◆ What to do
Retype only what runs from the beginning of the data through the line with "Vector hand drawn scallop saltwater clams"; please omit the pictures and keep every line exact.

Study material Block Start

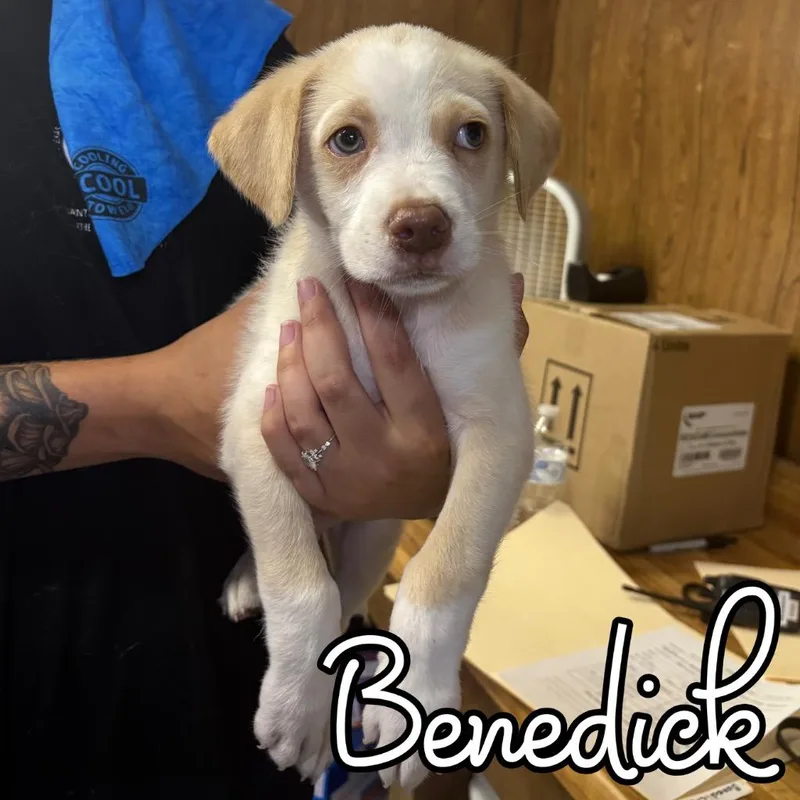 A baby medium-sized male Retriever dog named Benedick for adoption in Hillsboro, OH
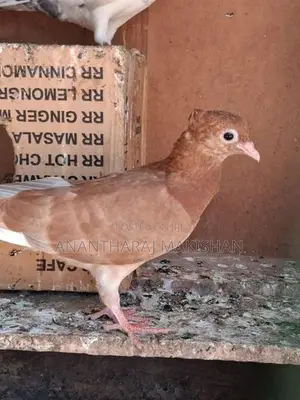 Pigeon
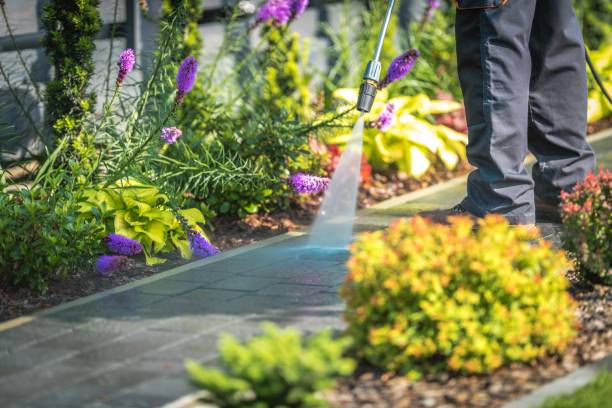 Trusted Dewitt, AR Pressure Washing Services Experts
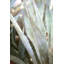 Winter Agave I Print by Alicia Bock-39763246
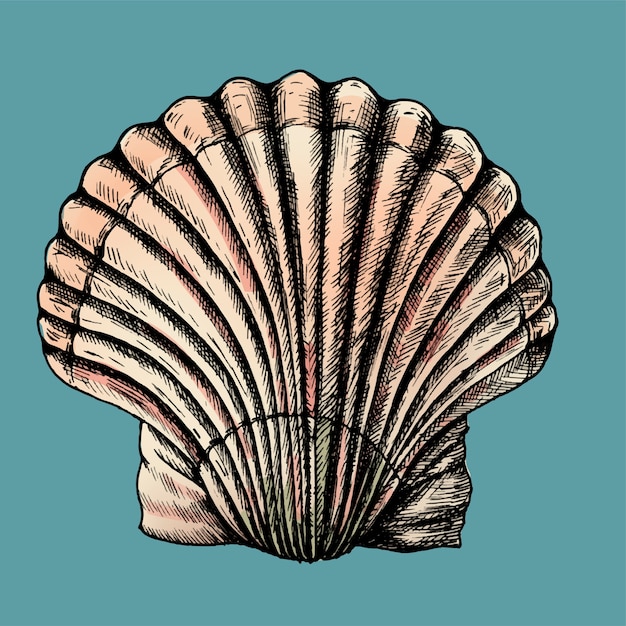 Vector hand drawn scallop saltwater clams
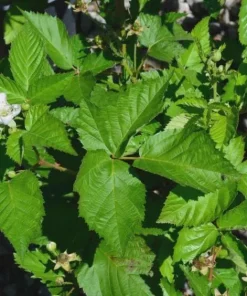 10 Darrow Blackberry Starter Plugs - Rubus fruticosus - Cold Hardy Live Plants - Image 2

Study material Block End

◆ Answer area
 A baby medium-sized male Retriever dog named Benedick for adoption in Hillsboro, OH
 Pigeon
 Trusted Dewitt, AR Pressure Washing Services Experts
 Winter Agave I Print by Alicia Bock-39763246
 Vector hand drawn scallop saltwater clams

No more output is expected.